# Gonna be harder to get ammo !



## Bulldawg (Dec 3, 2007)

http://http://www.arizonadailyindependent.com/2013/11/03/last-primary-american-lead-smelter-closing/

Its only going to get tougher now guys !


----------



## supercanoe (Jun 12, 2006)

I can't open the page. What is it about?


----------



## garhtr (Jan 12, 2009)

http://www.arizonadailyindependent.com/2013/11/03/last-primary-american-lead-smelter-closing/ I think this might work. EPA--- Evil or Good ?


----------



## Sharp Charge (Jun 24, 2009)

Not really. I read something recently that none of the bullet makers use primary lead, they all use recycled lead. Most of the recycled stuff comes from old car batteries.

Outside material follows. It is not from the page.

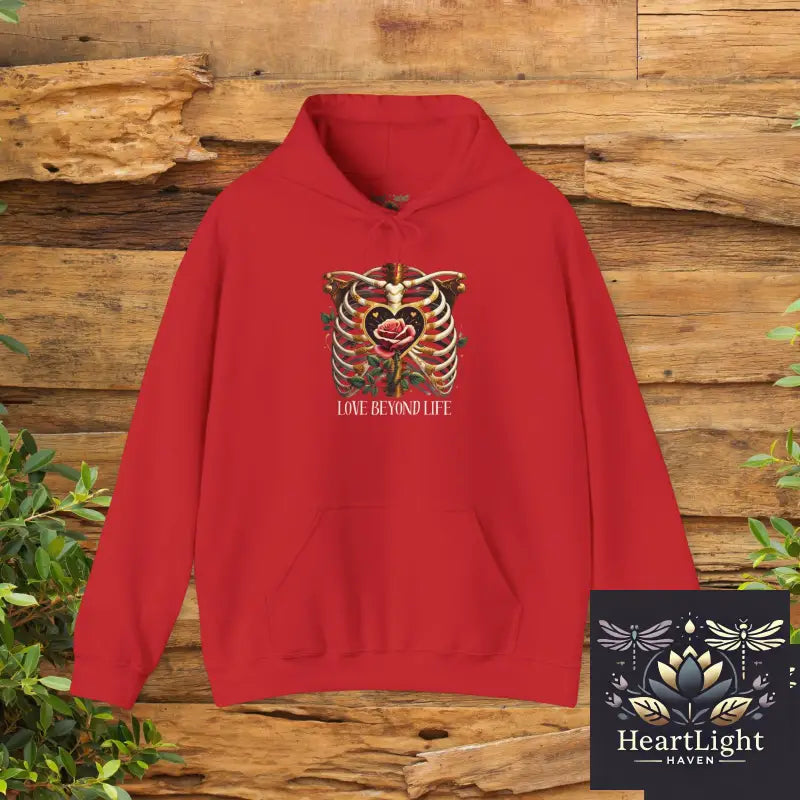 Gothic Skeleton Romance Hoodie: Love Beyond Death with Ribcage & Rose Design - Dark Eternal Embrace - S / Red - Hoodie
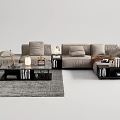 Modern Gray Sectional Sofa with Coffee Table and Decorative Items on Area Rug 3d model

I'll see if I can find the link and repost it.


Edit: found it. http://www.washingtontimes.com/news...ter-closing-will-not-affect-ammunit/?page=all


----------



## JimmyMac (Feb 18, 2011)

It doesn't really effect anything.


----------



## joebertin (Mar 26, 2010)

Any change in supply will have some kind of impact:

http://www.shoshonenewspress.com/columns/article_0ed28fe4-52e6-11e3-8475-0019bb2963f4.html


----------